A friend sent me a video clip of Ginger Rogers dancing with her 29-year-old great grandson. To say that, at 92, she’s astounding would probably be an understatement.

But why she is astounding is the question. Is it because of what she can do? Or is it because of what people her age are expected to do?

I’ve argued for at least two decades that most people are far too willing to give in to old age. Just because it gets harder to do something you once did fairly easily doesn’t mean you have to give up doing it. I know a lot of men my age who can’t throw a baseball thirty feet, whereas I, though I don’t approach major league speed, can throw one from the pitcher’s mound and get it in the strike zone fairly often. Why can I do that? It’s certainly nothing heroic. It’s just because I’ve kept on doing it.

You can argue, of course, that there’s nothing to be gained by throwing a baseball, which probably for most people is true. But there certainly is something to be gained, for almost everyone, by being able to carry a box up a flight of stairs, or shovel the snow off your walkway, or walk a crying baby to sleep. The point is you should pick the things you want to be able to do and then do them. Don’t let yourself be deterred by the thought that you’re too old. You’re only too old if you can’t do it. And the main reason, for most people, that they can’t do it is because they stopped doing it.

We are a society which encourages old people to think of themselves as disabled. Many parking lots I see now have spaces close to the store entrances which are reserved for people over sixty-five. What could be more stupid? Why not reserve them for people who can’t walk, whatever their age?

We surrender far too easily to physical handicaps thought to be caused by age which are actually caused by attitude and laziness.

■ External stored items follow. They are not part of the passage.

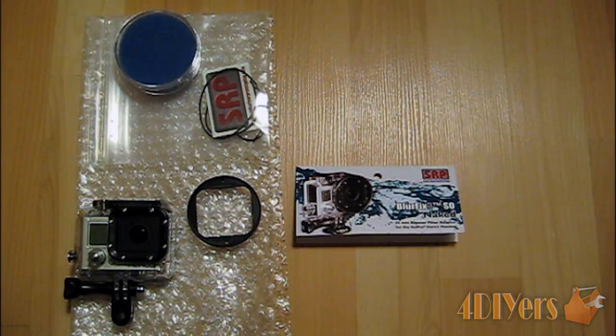Hello everyone, FordDIYers here, back with another video. In this particular video I'll be doing a review on a product I just recently purchased, which I will be using in future videos. Basically this product is made by SRP, which is Snake River Prototyping, and it is the Blur Fix 3 So Naked.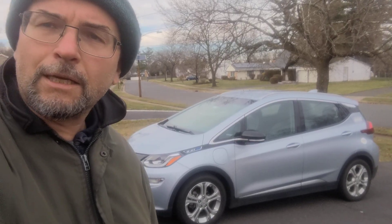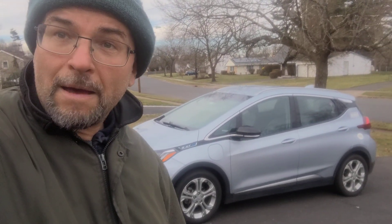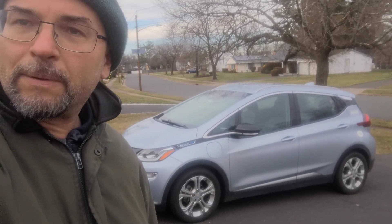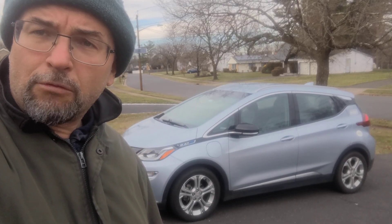I love this vehicle. I'm the second owner, and actually we have in the family another 2017 Chevy Bolt, so we are a Bolt family. It's not because we are Chevy people — it just happened. This was a replacement for my Nissan LEAF when it was involved in a crash.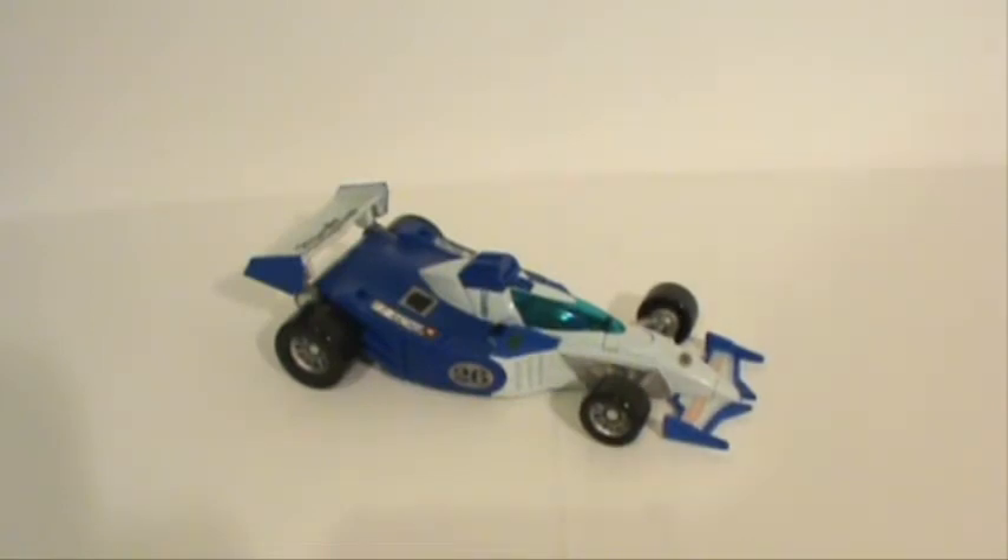Here we go with my review of Transformers Classics Mirage. As you can see here, we have Mirage in his Formula 1 race car alt mode. I think his alt mode is very nice. They did a really good job of folding him up and hiding any of his robot parts. That's a very clean looking alt mode.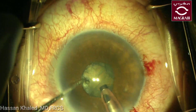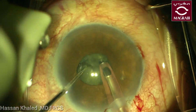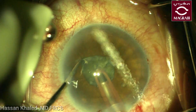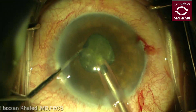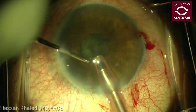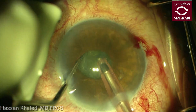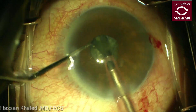Now doing the phacoemulsification of this nuclear cataract through this narrow pupil using the horizontal chop technique — holding the nucleus at the center of the pupil, then going with the chopper at the equator and chopping it into halves. Then you can chop each half alone into smaller pieces and emulsify all these pieces at the level of the pupil, as you see in this case.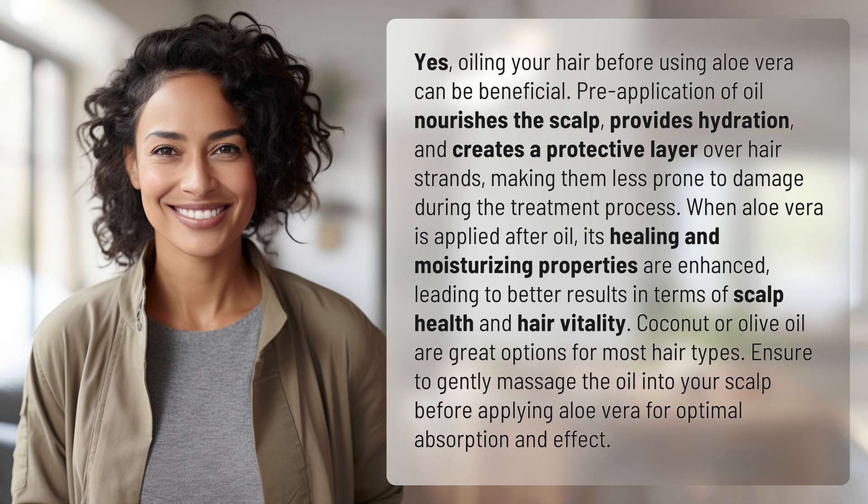When aloe vera is applied after oil, its healing and moisturizing properties are enhanced, leading to better results in terms of scalp health and hair vitality.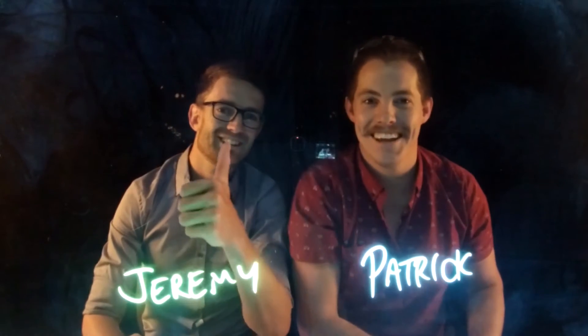Can you believe how good this is turning? I am wrapped. I reckon it's fantastic. G'day, didn't see you there. Howdy.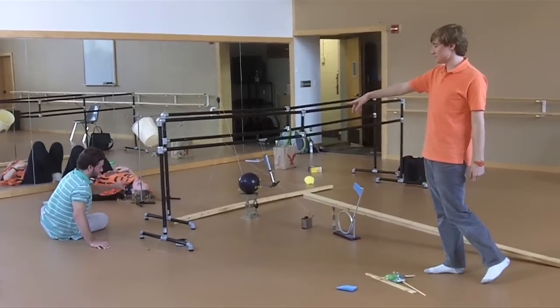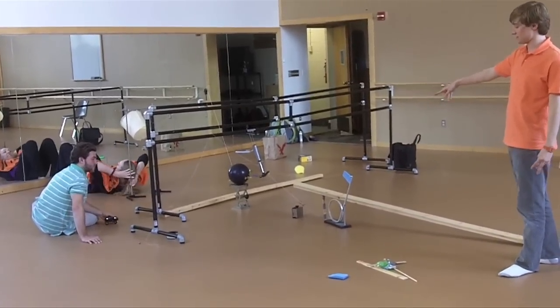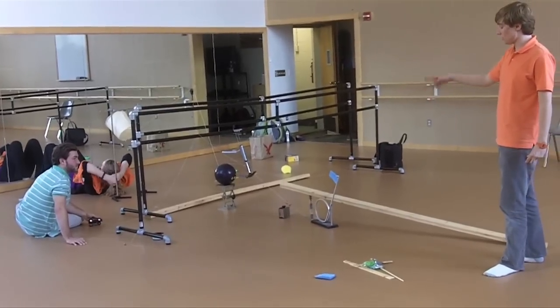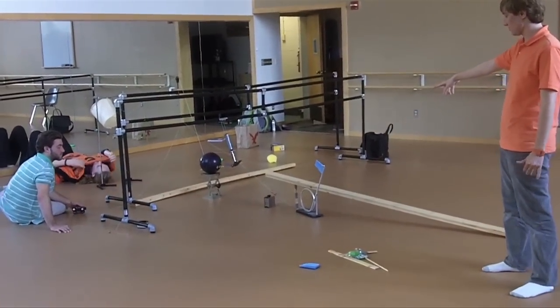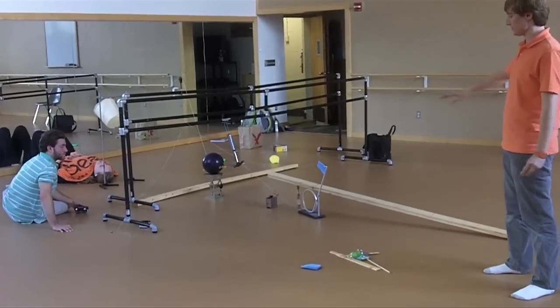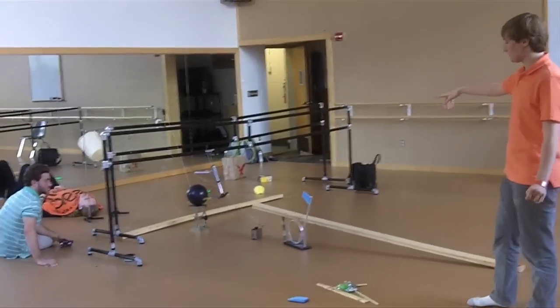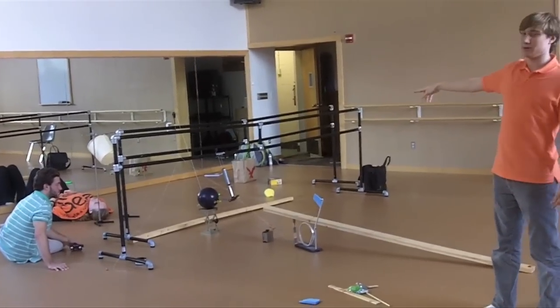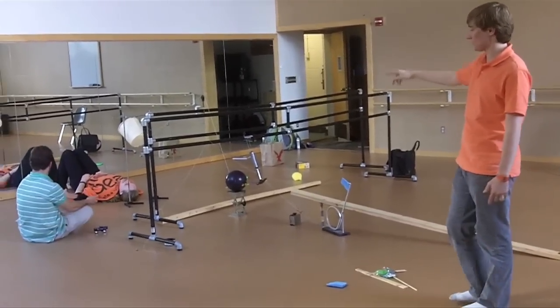If all goes well, Roddy's going to release the car, which will release the sponge, releasing the ball to go down the loop, hitting the wood underneath the big wood, which is going to fall over, close the scissors, release the hammer by cutting a string, hit the bowling ball, which is then going to use a pulley to dump the bucket of water on Miss Peterson.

But these are as nothing to the defeats we suffer because of foolish beliefs about the mind.

What is the dumbest idea of all time, and perhaps the most destructive? It’s the notion that the main use for our minds is career, and that when we retire from career, we have only about a third the need for mind that we once had had, and therefore, that we should pack away about two-thirds of our mental capacity. Yet because of that idea, that’s exactly what many people do. My friend Ed Banfield, who for years was a professor at Harvard, told me once that at least half his colleagues, after they had retired, never again read a serious book. I don’t know if Ed was right or not. But I wouldn’t be surprised if he was.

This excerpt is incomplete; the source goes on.